### [Exercise instructions]
Everything in the data except the pictures belongs in your answer, copied exactly.

### [Exercise input]
--------------------------------
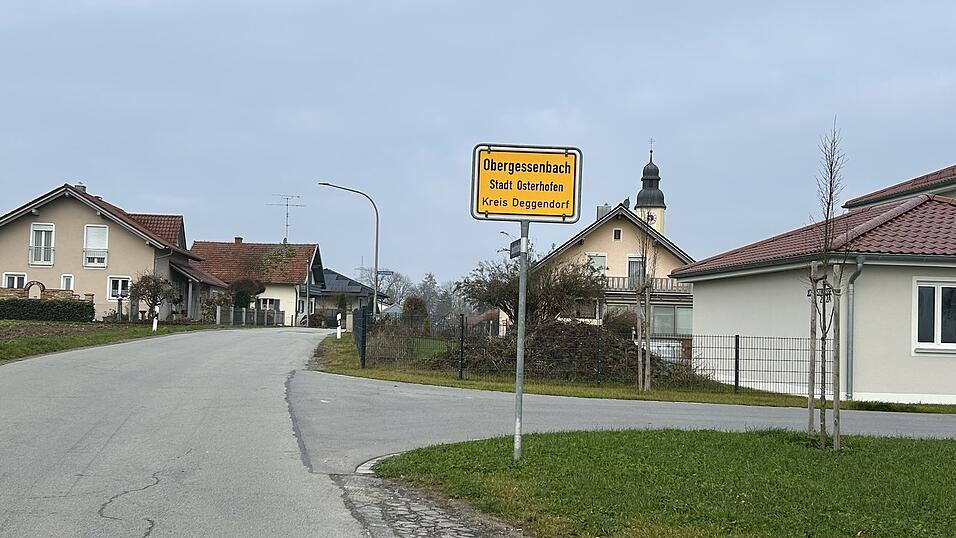In Obergessenbach wird nun die erste gro&szlig;e Ma&szlig;nahme im Bereich der Josefstra&szlig;e durchgef&uuml;hrt.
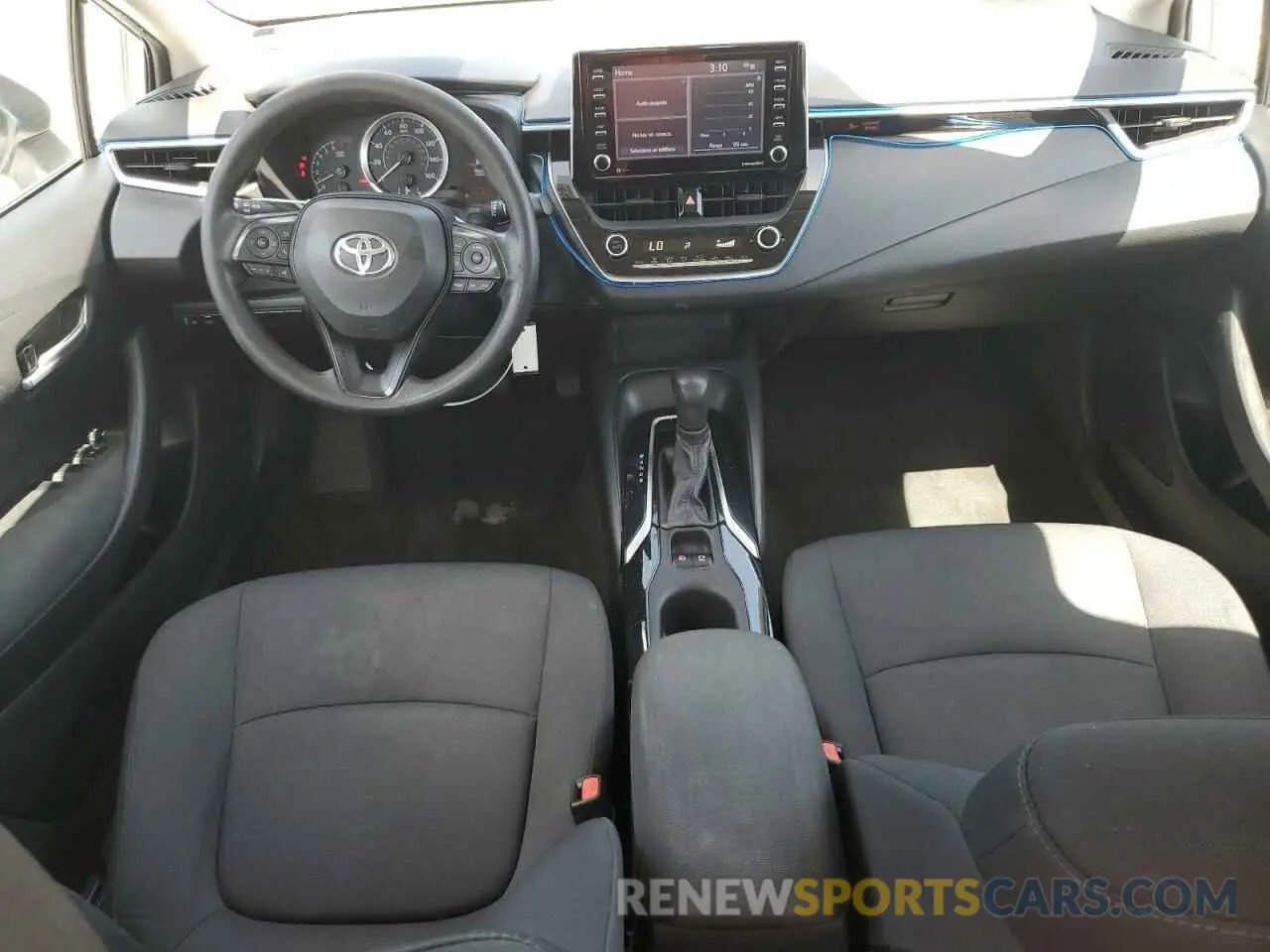 8 Photograph of a damaged car 5YFEPMAE0MP233374 TOYOTA COROLLA 2021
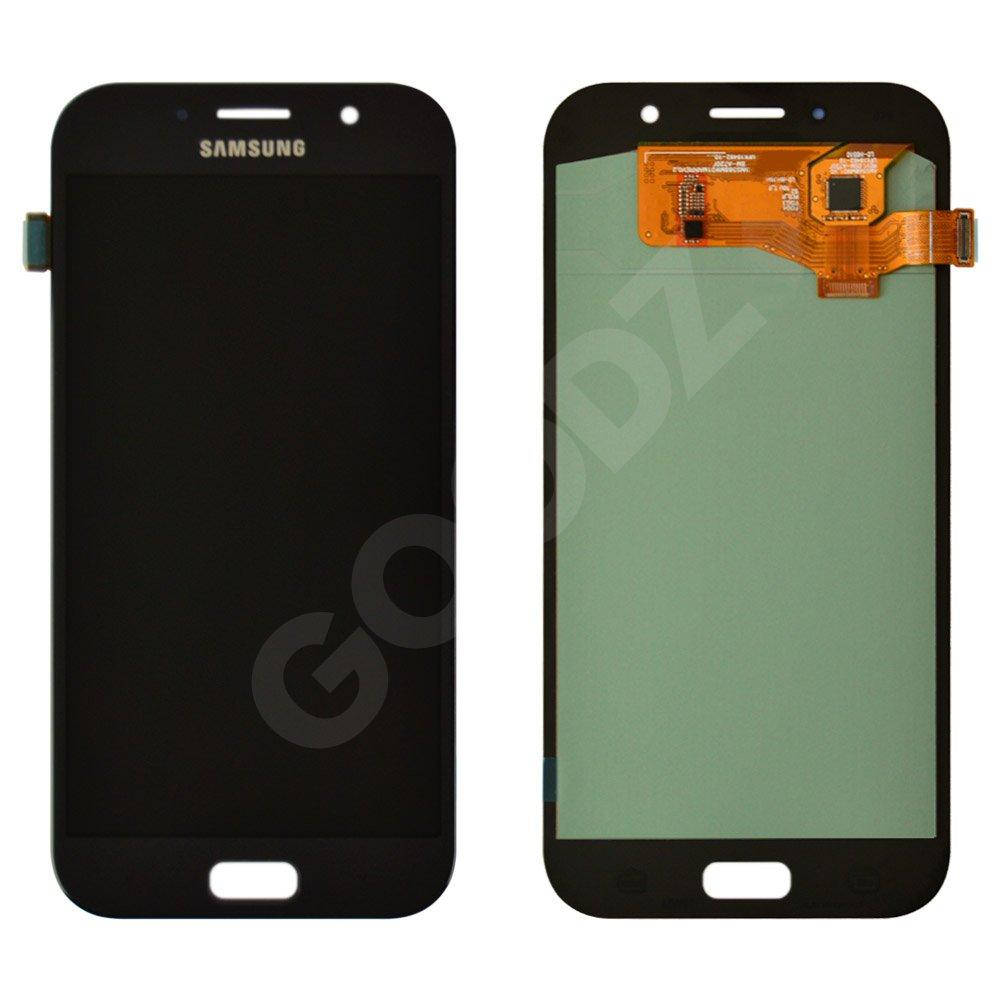 

Дисплей для Samsung A720F DS Galaxy A7 (2017) с тачскрином в сборе, цвет черный, OLED small LCD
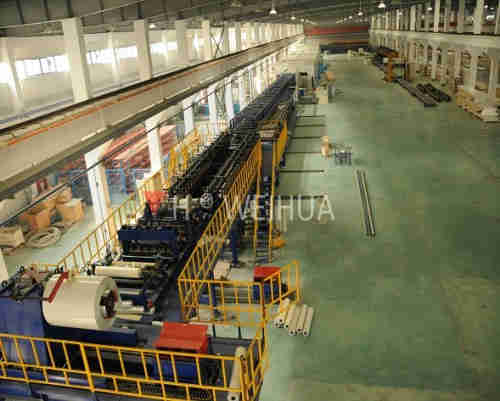 Continuous PU Sandwich Panel Production Line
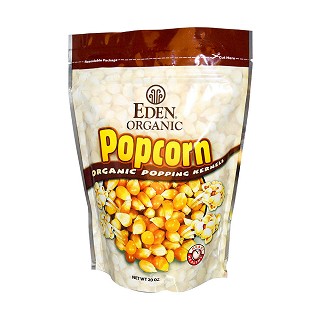 eden foods organic popcorn(eden)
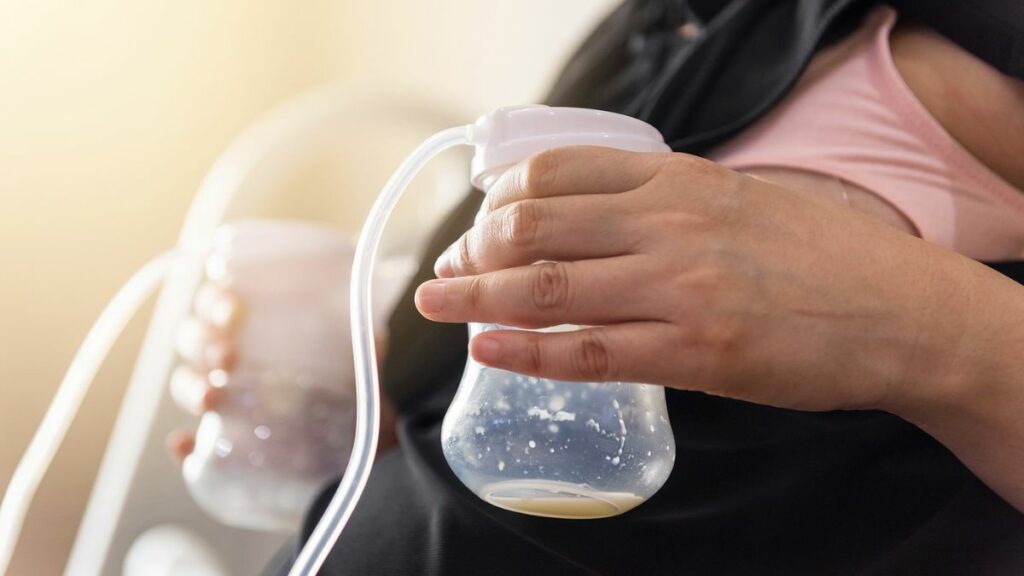 Abstillen mit Pumpe: So vermeidest du einen Milchstau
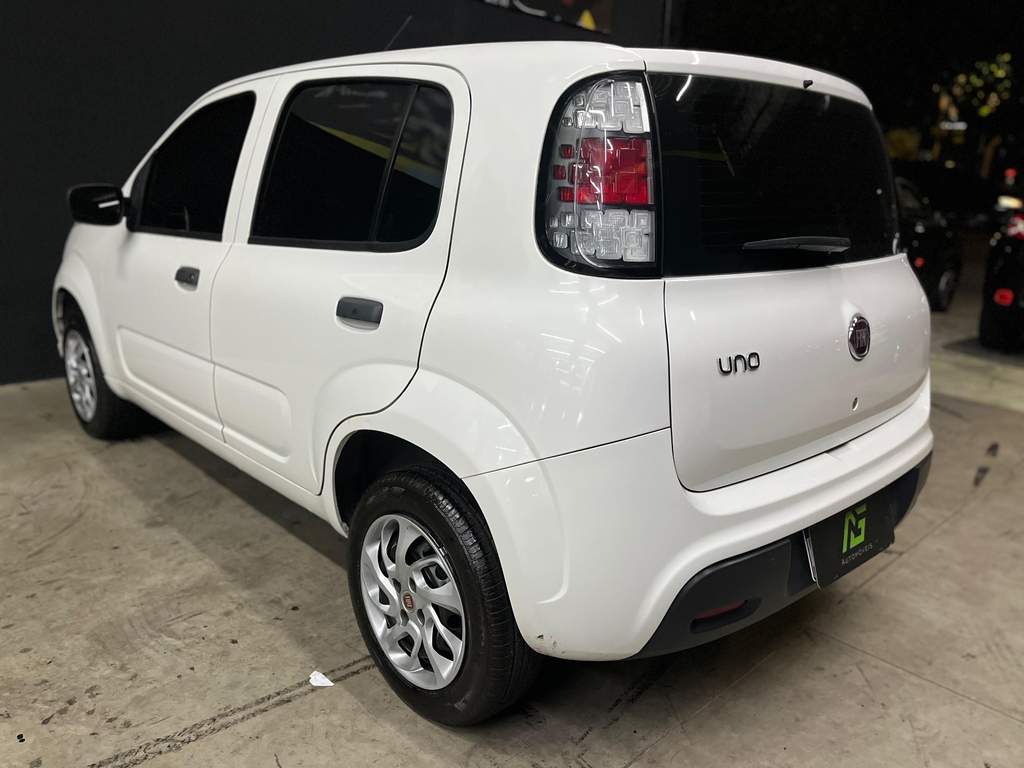 Fiat Uno Branco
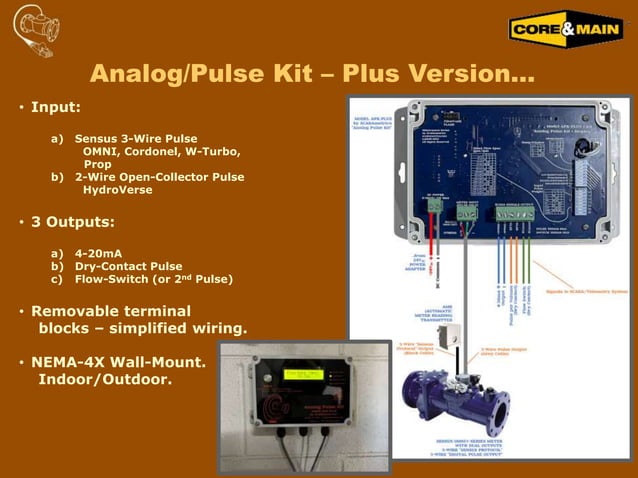 Sensus Pit Module Installation SCADAmetrics Instrumentation for Sensus Water Meters - Core and Main ...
--------------------------------
### [Answer below]
In Obergessenbach wird nun die erste gro&szlig;e Ma&szlig;nahme im Bereich der Josefstra&szlig;e durchgef&uuml;hrt.
 8 Photograph of a damaged car 5YFEPMAE0MP233374 TOYOTA COROLLA 2021

Дисплей для Samsung A720F DS Galaxy A7 (2017) с тачскрином в сборе, цвет черный, OLED small LCD
 Continuous PU Sandwich Panel Production Line
 eden foods organic popcorn(eden)
 Abstillen mit Pumpe: So vermeidest du einen Milchstau
 Fiat Uno Branco
 Sensus Pit Module Installation SCADAmetrics Instrumentation for Sensus Water Meters - Core and Main ...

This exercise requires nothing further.